[What this task involves] Only the lines from the one containing "Vector icon of" through the end of the entries are to be copied, exactly and without pictures, please.

[Records shown]

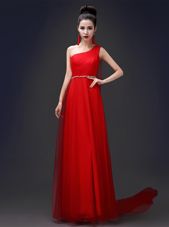 One Shoulder Red Sleeveless Beading Floor Length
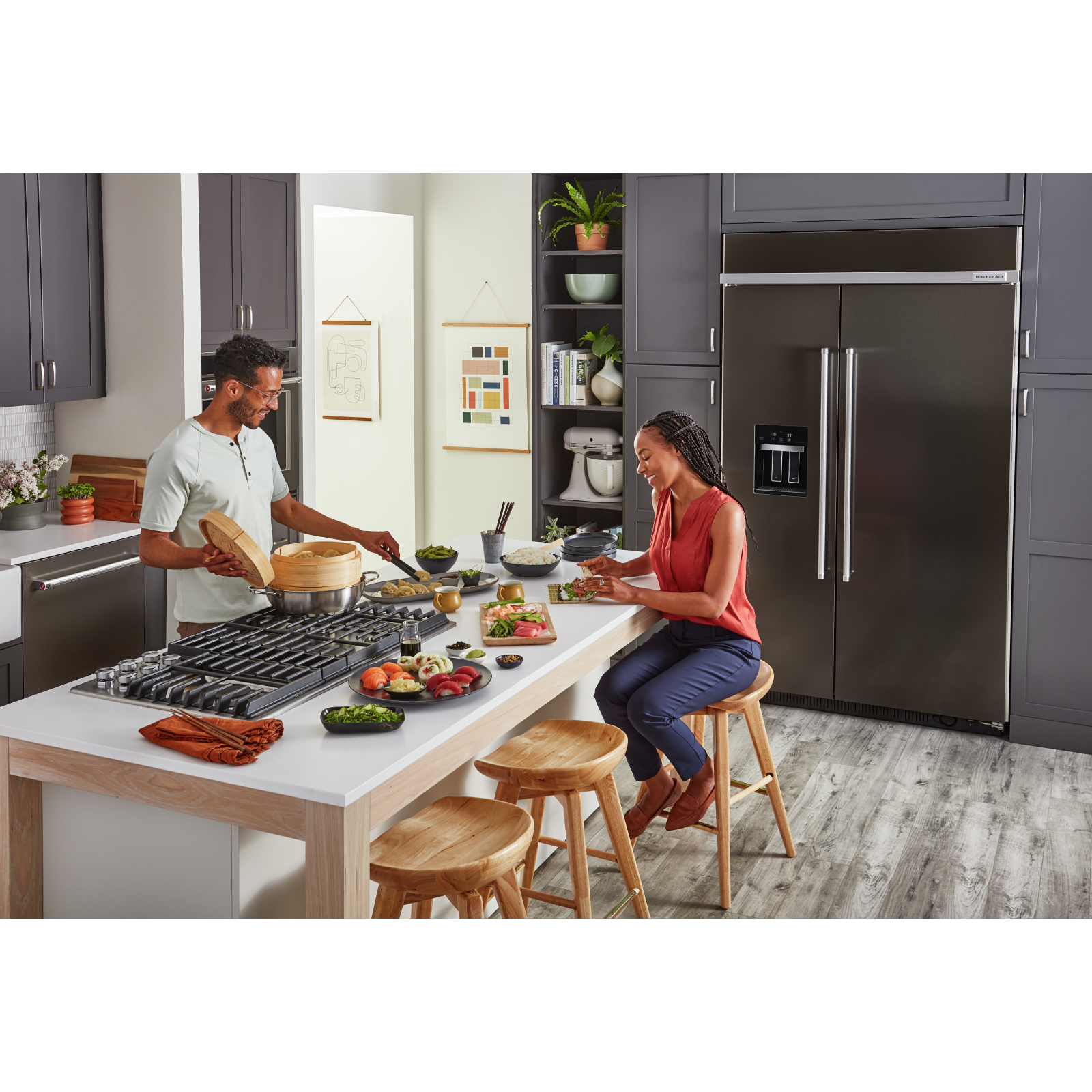 KitchenAid - 47.25 Inch 29.4 cu. ft Side by Side Refrigerator in Black Stainless - KBSD708MBS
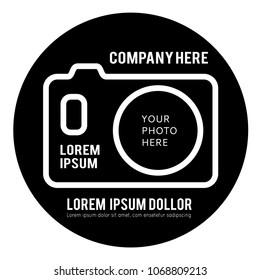Vector icon of camera on black background with dots
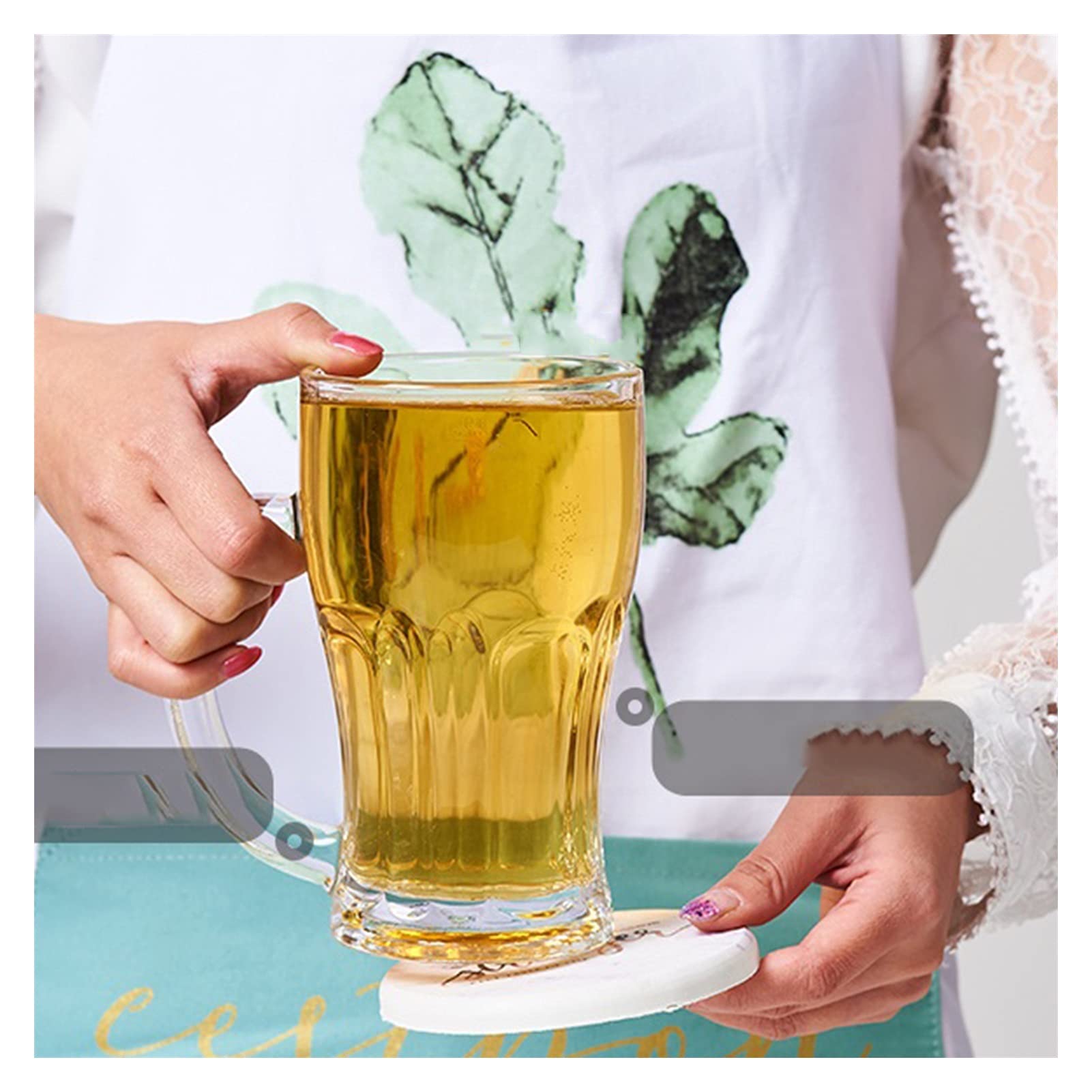 Biergläser Gefrierschrankglas Bier Becher Biergläser mit Griff Klarer Kühler Gefrierfach Tasse for Biermilchsaft und mehr 17 oz Set von 2 Bierkrug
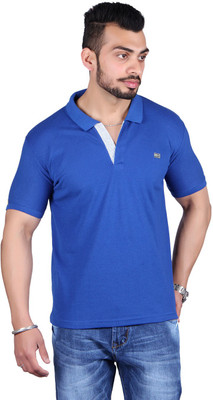 

Shineway Solid Men's Polo Neck Blue T-Shirt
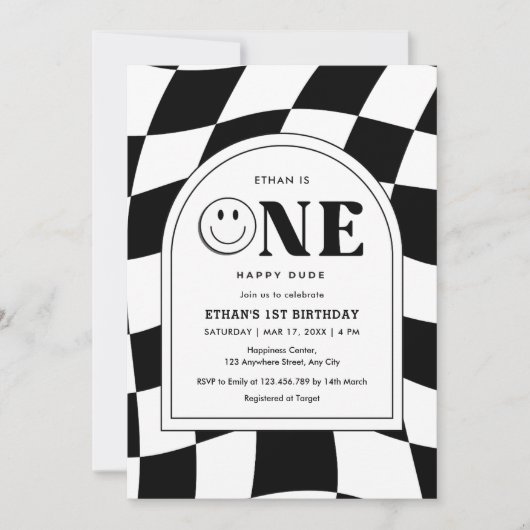 Een gelukkige kerel Happy Face Boy 1e verjaardag Kaart (Voorkant)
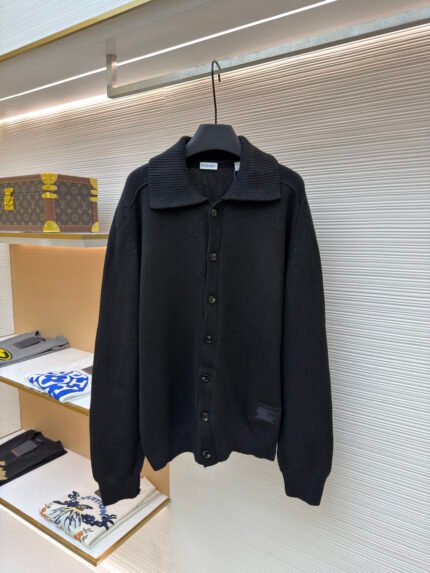Burberry Rib-Knit Cashmere Polo Sweater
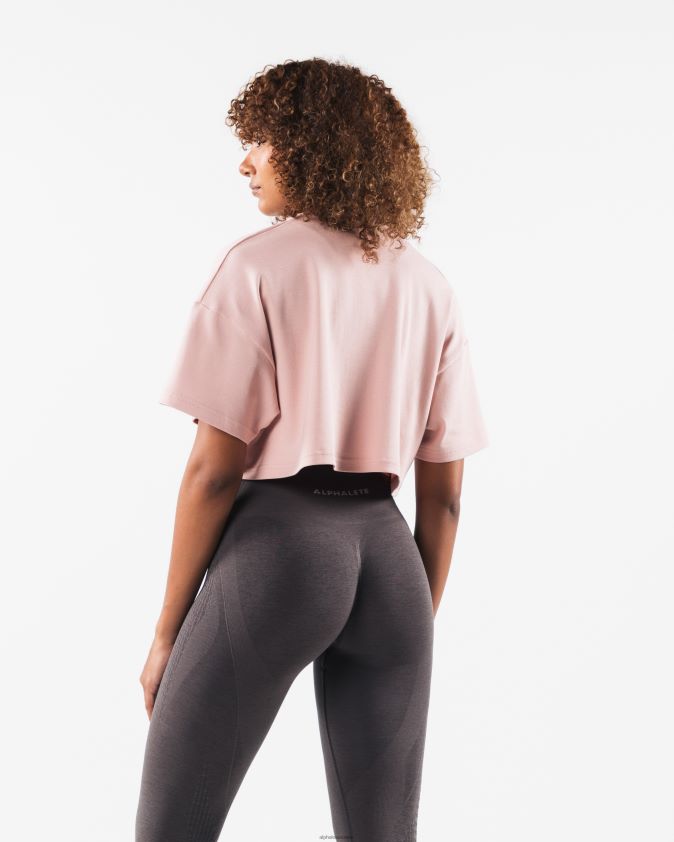 femmes vêtements 46FZDN198 Alphalete t-shirt court république rose plate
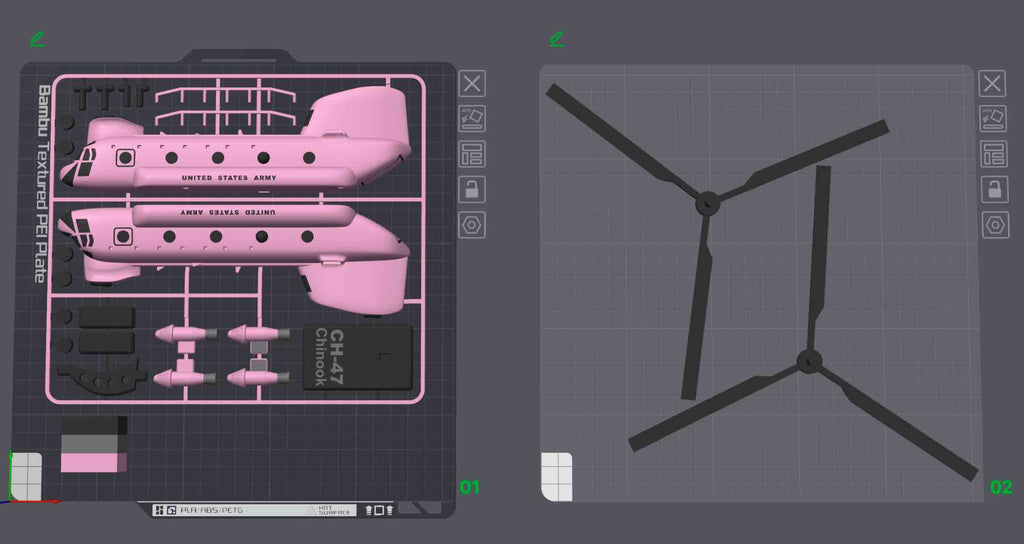 CH-47 Chinook Helicopter Loose Piece Display Model – 3D Printed Military Helicopter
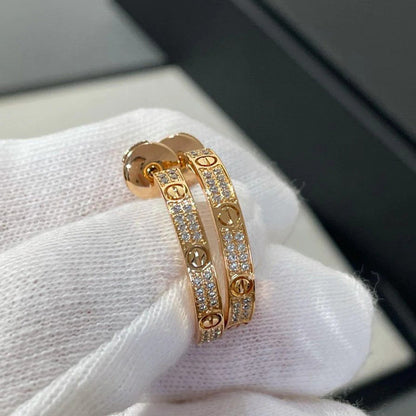 [CharmAmor]LOVE EARRINGS 3.6MM DIAMOND PAVED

[Exercise answer]
Vector icon of camera on black background with dots
 Biergläser Gefrierschrankglas Bier Becher Biergläser mit Griff Klarer Kühler Gefrierfach Tasse for Biermilchsaft und mehr 17 oz Set von 2 Bierkrug

Shineway Solid Men's Polo Neck Blue T-Shirt
 Een gelukkige kerel Happy Face Boy 1e verjaardag Kaart (Voorkant)
Burberry Rib-Knit Cashmere Polo Sweater
 femmes vêtements 46FZDN198 Alphalete t-shirt court république rose plate
 CH-47 Chinook Helicopter Loose Piece Display Model – 3D Printed Military Helicopter
 [CharmAmor]LOVE EARRINGS 3.6MM DIAMOND PAVED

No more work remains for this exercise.